À la pêche aux frontistes
« Le vote FN n’est pas répréhensible. Marine Le Pen est compatible avec la République« , lance Nicolas Sarkozy à Longjumeau, mardi 24 avril 2012. Il clarifie encore son positionnement deux jours plus tard, lors de son meeting au Raincy, en Seine-Saint-Denis. Le président sortant insiste alors sur toute une série de mesures propices à charmer les électeurs FN. En tête de liste, la fameuse « présomption de légitime défense » pour les policiers, non-sens juridique mais tactique politicienne efficace, en réaction au fait divers tragique qui a eu lieu la veille à Noisy-le-Sec. Puis suivent la réaffirmation de la préférence nationale, la restriction des flux migratoires, l’encadrement strict du regroupement familial, l’interdiction d’accès aux aides sociales pour les immigrés qui n’ont pas dix ans de présence en France assortis de cinq ans de cotisations. Et l’opposition ferme au vote des étrangers aux élections locales, défendu par François Hollande. « Si c’est pour demander, comme à Lille, des horaires différenciés dans les piscines pour les femmes et les hommes, nous disons non. Si c’est pour demander, dans les hôpitaux, des médecins différents pour les femmes et pour les hommes, nous disons non. Et pour nos cantines scolaires, nous disons que nous voulons les mêmes menus pour tous les enfants de la République parce qu’elle est laïque », lance Nicolas Sarkozy dans son discours. Un distinguo bien particulier entre étrangers européens, qui, on oublie souvent de le rappeler, ont déjà le droit de vote lors des élections locales, et les non Européens – ou faut-il dire africains et maghrébins ? – dont le vote serait donc nécessairement « communautaire ». Tout en réaffirmant les racines chrétiennes de la France et de l’Europe, Nicolas Sarkozy s’avance de nouveau sur la pente glissante de l’identité nationale et son refus de la « mettre en danger ». Lorsque les commentateurs l’accusent de draguer les électeurs du FN, Nicolas Sarkozy dément, en affirmant que c’est bien lui, la cible principale de Marine Le Pen.

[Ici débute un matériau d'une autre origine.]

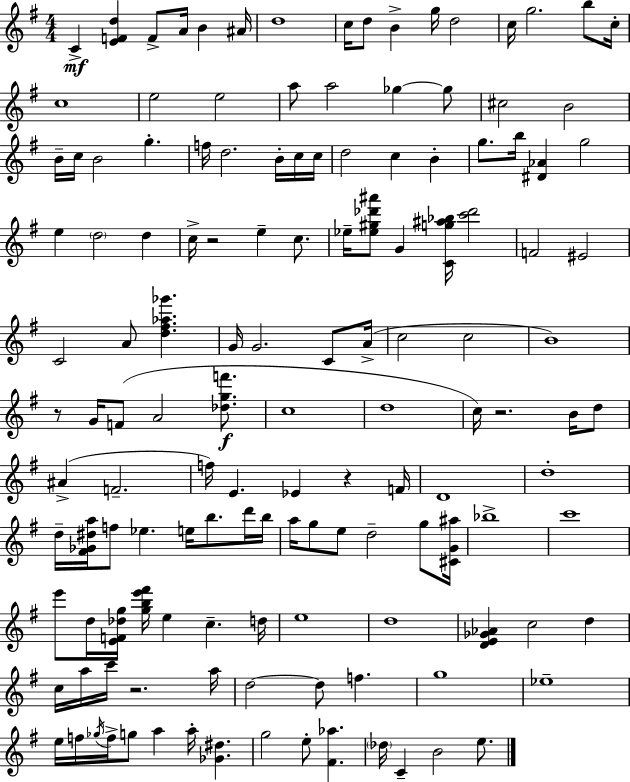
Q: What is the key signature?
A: E minor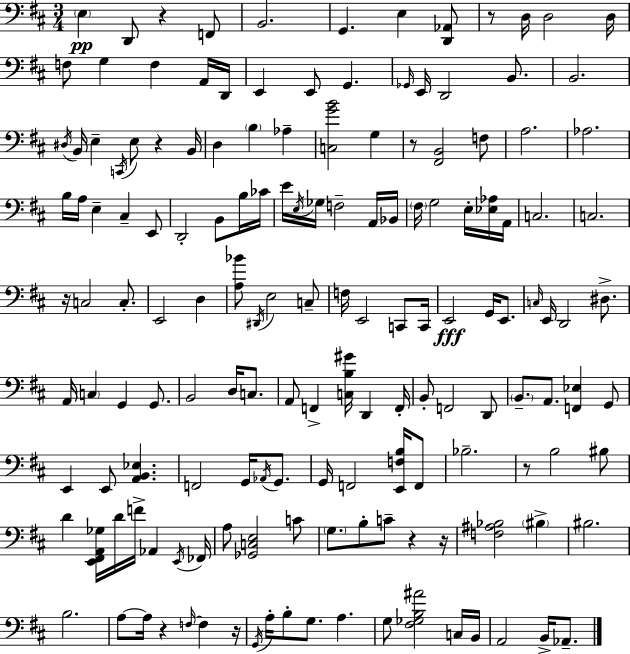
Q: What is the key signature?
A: D major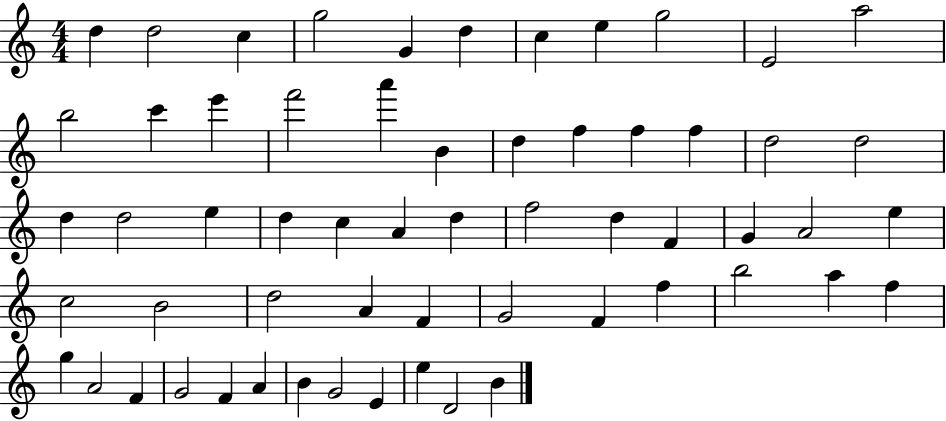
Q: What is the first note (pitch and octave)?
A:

Du côté de François Hollande, l’affaire est plus délicate. Il s’agit de ne pas perdre sa gauche tout en se penchant à droite. Pour le PS, il semble y avoir deux types de votes FN. D’un côté, les votes racistes et xénophobes, qu’il est inutile d’aller chercher. De l’autre, des votes de détresse des électeurs, qui en quelque sorte se tromperaient de colère. C’est à ceux-là qu’il faudrait prouver que le PS peut les défendre. « J’ai entendu les cris de colère, j’ai répondu par un message d’espoir », a déclaré François Hollande. Plutôt que d’insister comme son rival sur l’identité, la laïcité, l’immigration et la sécurité, en stigmatisant les immigrés et les quartiers populaires, François Hollande a donc choisi de jouer la carte de la ré-industrialisation, la lutte contre la finance, les privilèges. Il a néanmoins montré une certaine fermeté sur la question de l’immigration, en affirmant que « dans une période de crise que nous connaissons, la limitation de l’immigration économique est nécessaire, indispensable »et qu’il « maintiendrait, bien sûr, la loi sur la burqa ».

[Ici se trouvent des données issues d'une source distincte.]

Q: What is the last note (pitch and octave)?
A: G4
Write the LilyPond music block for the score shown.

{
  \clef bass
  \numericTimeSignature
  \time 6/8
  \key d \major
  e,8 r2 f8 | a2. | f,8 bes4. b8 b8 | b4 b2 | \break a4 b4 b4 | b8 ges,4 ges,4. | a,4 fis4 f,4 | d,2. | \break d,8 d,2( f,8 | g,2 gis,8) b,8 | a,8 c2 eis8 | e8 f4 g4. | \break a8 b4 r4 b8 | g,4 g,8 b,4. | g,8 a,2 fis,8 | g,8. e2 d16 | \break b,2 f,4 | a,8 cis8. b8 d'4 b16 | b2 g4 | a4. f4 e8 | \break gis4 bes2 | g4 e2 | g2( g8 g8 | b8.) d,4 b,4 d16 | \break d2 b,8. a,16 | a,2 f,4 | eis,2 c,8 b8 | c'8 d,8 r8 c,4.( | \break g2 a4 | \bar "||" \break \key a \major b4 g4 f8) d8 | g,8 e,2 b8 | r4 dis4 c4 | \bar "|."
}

Pour Fatima Hani, secrétaire nationale du collectif ACLEFEU, les deux candidats vont droit dans le mur : « Ils vont chercher un électorat en essayant de lui parler tel qu’il a envie qu’on lui parle, sous couvert de quelques mots que même le plus tartuffe des tartuffes sera capable de comprendre. Mais personne n’est dupe. Les deux candidats œuvrent de façon très maladroite, le message qu’ils font passer est dangereux, ils attisent les haines. L’entre-deux tours, c’est chasse et pêche, chacun dans son style ». La militante regrette que les problématiques des quartiers populaires soient victimes de cette pêche à l’extrême droite : « C’est effrayant. En février, on avait réussi, avec ACLEFEU, à mettre la question des quartiers au cœur du débat en occupant le ministère de la crise des banlieues. Mais après ces 18 % du FN, on se retrouve dans l’entre-deux tours avec des quartiers totalement oubliés. On ne veut plus parler des vrais problèmes et on est à la recherche des extrêmes ».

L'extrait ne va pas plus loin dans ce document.